--- START ---
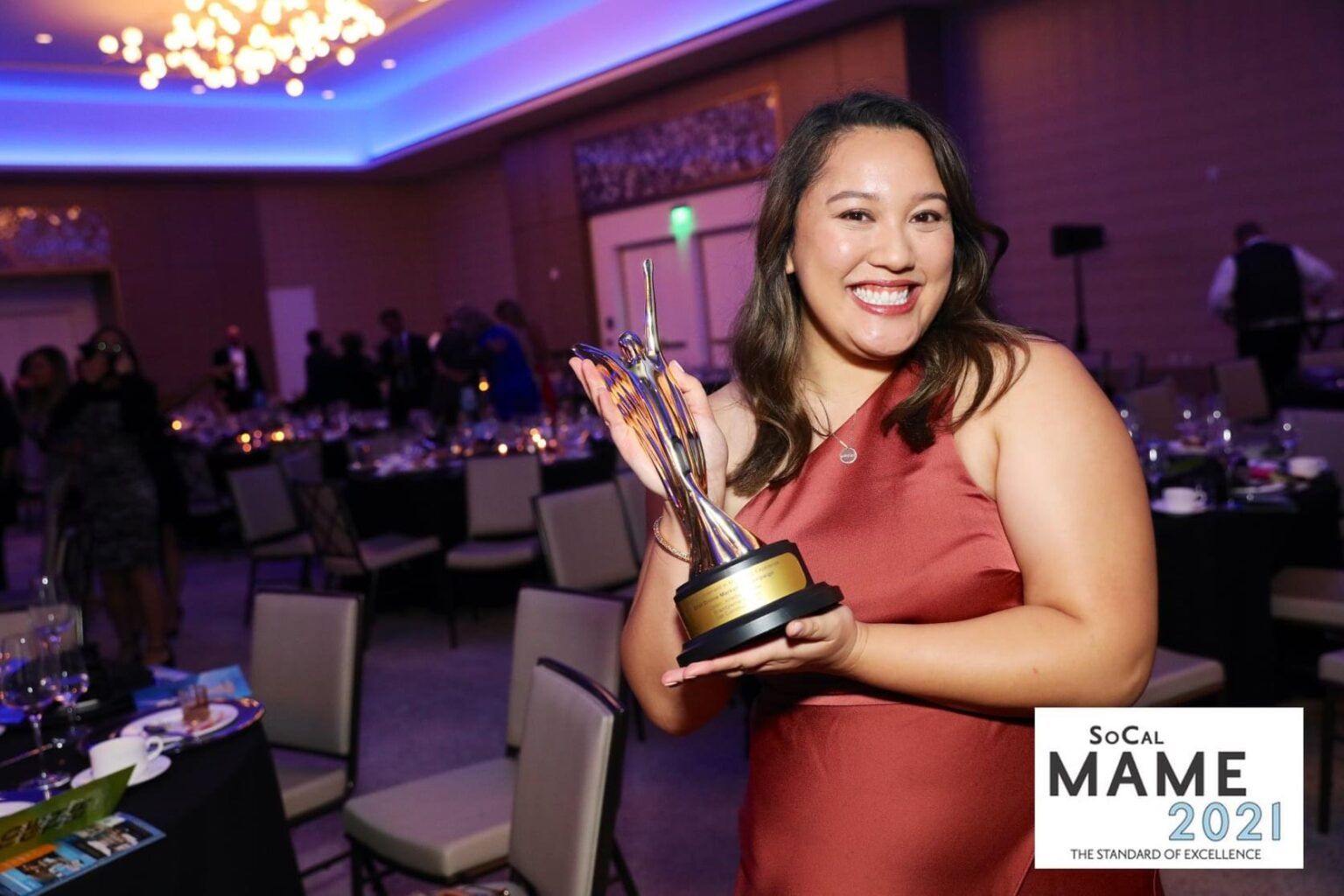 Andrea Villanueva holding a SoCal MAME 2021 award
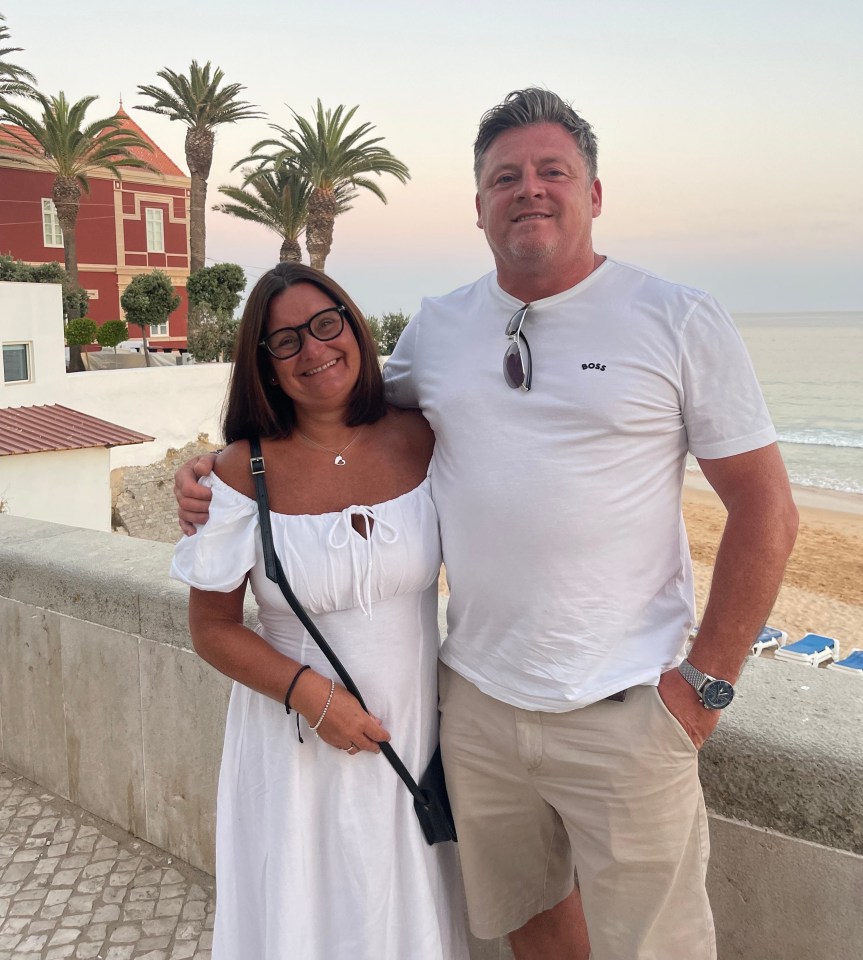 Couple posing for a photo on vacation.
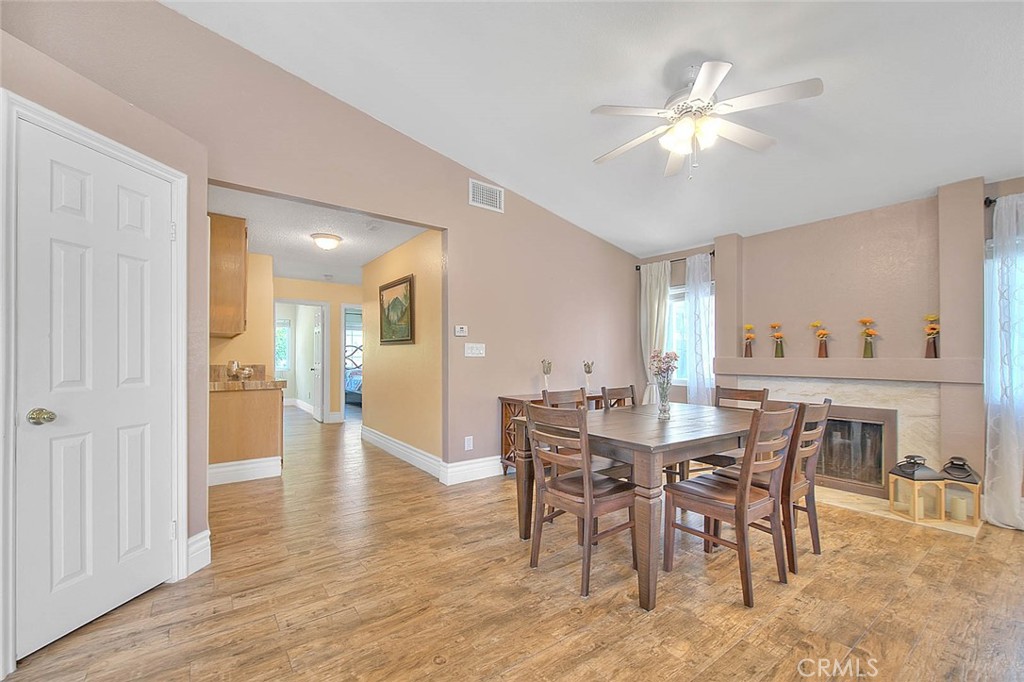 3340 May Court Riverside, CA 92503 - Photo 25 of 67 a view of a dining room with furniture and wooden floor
--- END ---
> What to do
Without the pictures, transcribe exactly the lines above from the one containing "Couple posing for a photo on vacation." through the last.

> Response below
 Couple posing for a photo on vacation.
 3340 May Court Riverside, CA 92503 - Photo 25 of 67 a view of a dining room with furniture and wooden floor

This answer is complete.